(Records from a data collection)
╭──
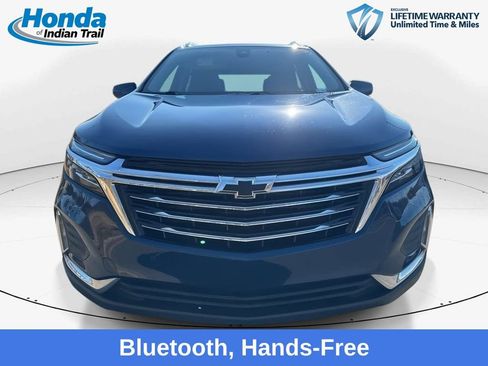 Used 2023 Chevrolet Equinox Premier image 2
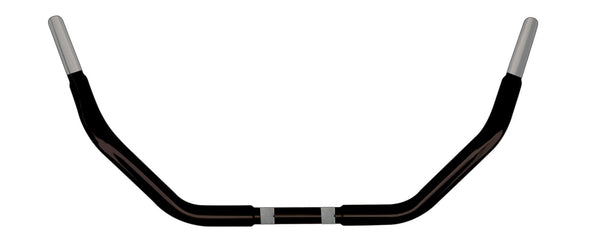 WILD 1 CHUBBY RK BAR SATIN BLK WO508B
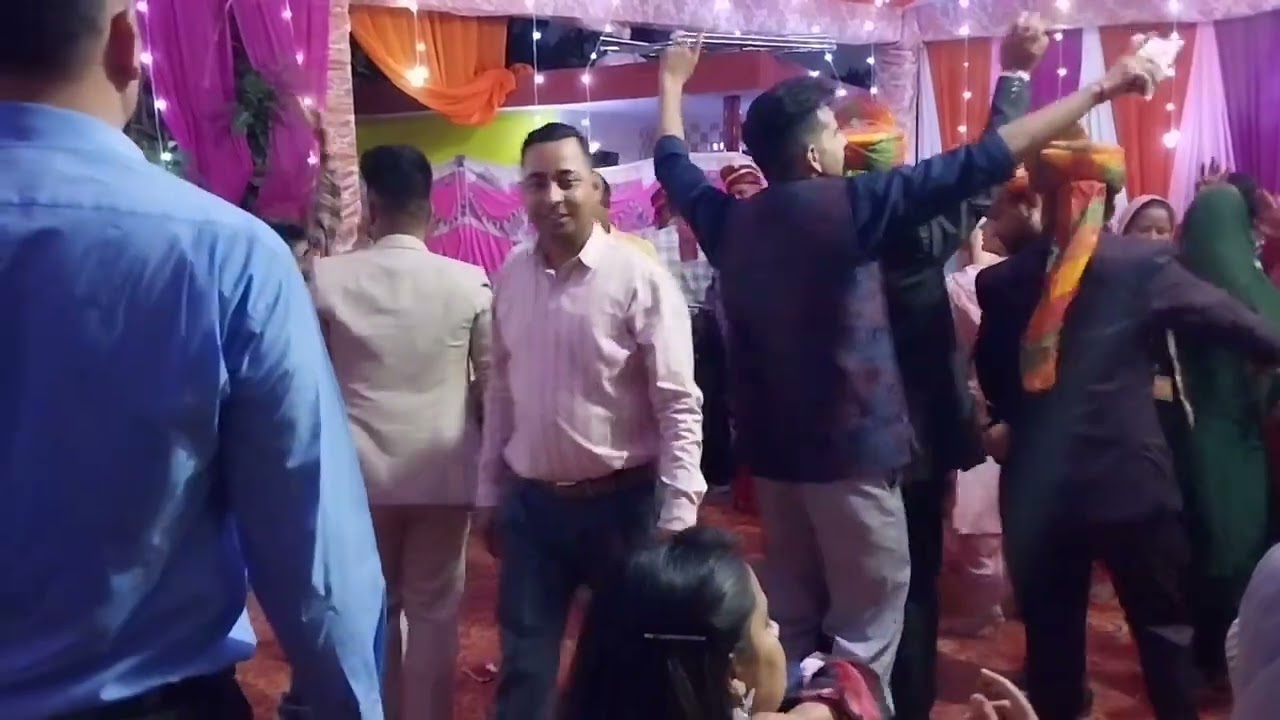 #himachali#marriage#dance#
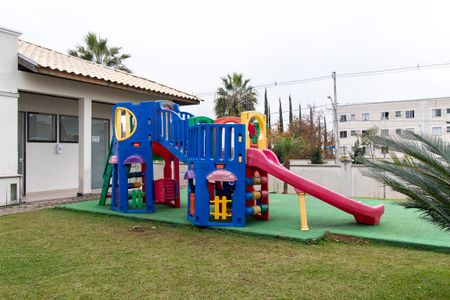 Apartamento para alugar com 53m², 2 quartos e 1 vagaÁrea comum - Playground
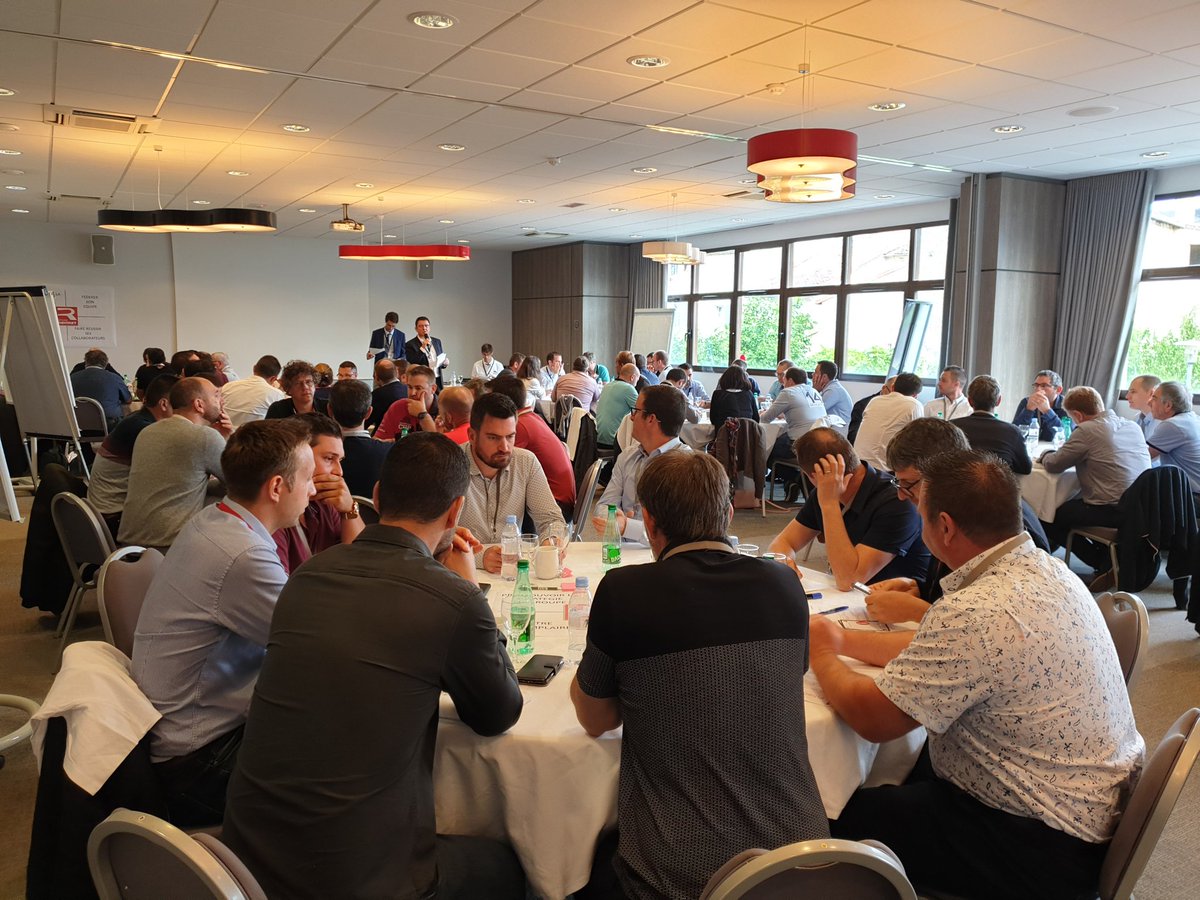 SandraBilly85's tweet photo. @grouperidoret #seminaire +de 70 #managers avec @OpteamRH #libererlesenergies https://t.co/rC16HG5B5q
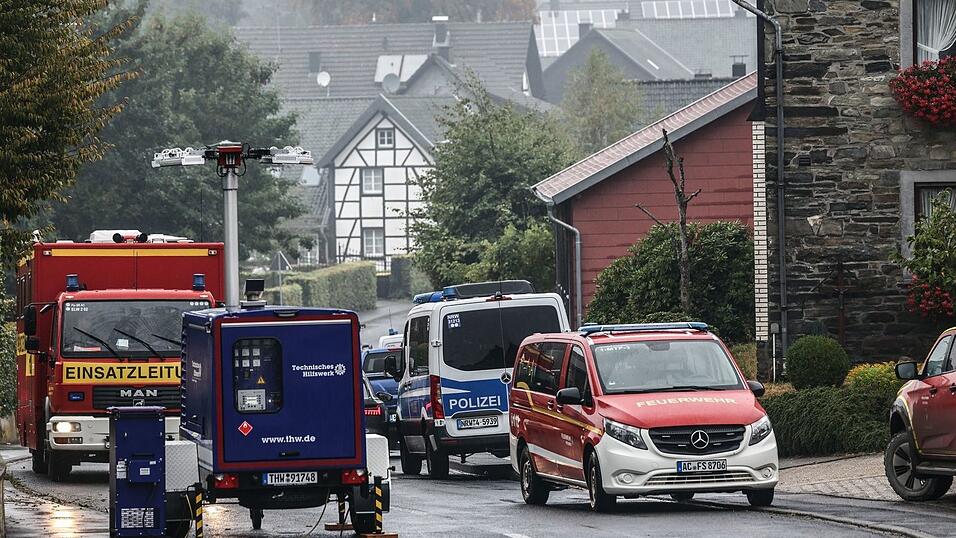 Die Geruchsbelästigung reicht bis nach Köln und Wuppertal. Die Geruchsbelästigung reicht bis nach Köln und Wuppertal.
╰──
◆ Aim of the exercise ◆
Every line from the one containing "SandraBilly85's tweet photo." through the end of the entries above is to be copied exactly; pictures are to be left out.

◆ Solution to the problem ◆
 SandraBilly85's tweet photo. @grouperidoret #seminaire +de 70 #managers avec @OpteamRH #libererlesenergies https://t.co/rC16HG5B5q
 Die Geruchsbelästigung reicht bis nach Köln und Wuppertal. Die Geruchsbelästigung reicht bis nach Köln und Wuppertal.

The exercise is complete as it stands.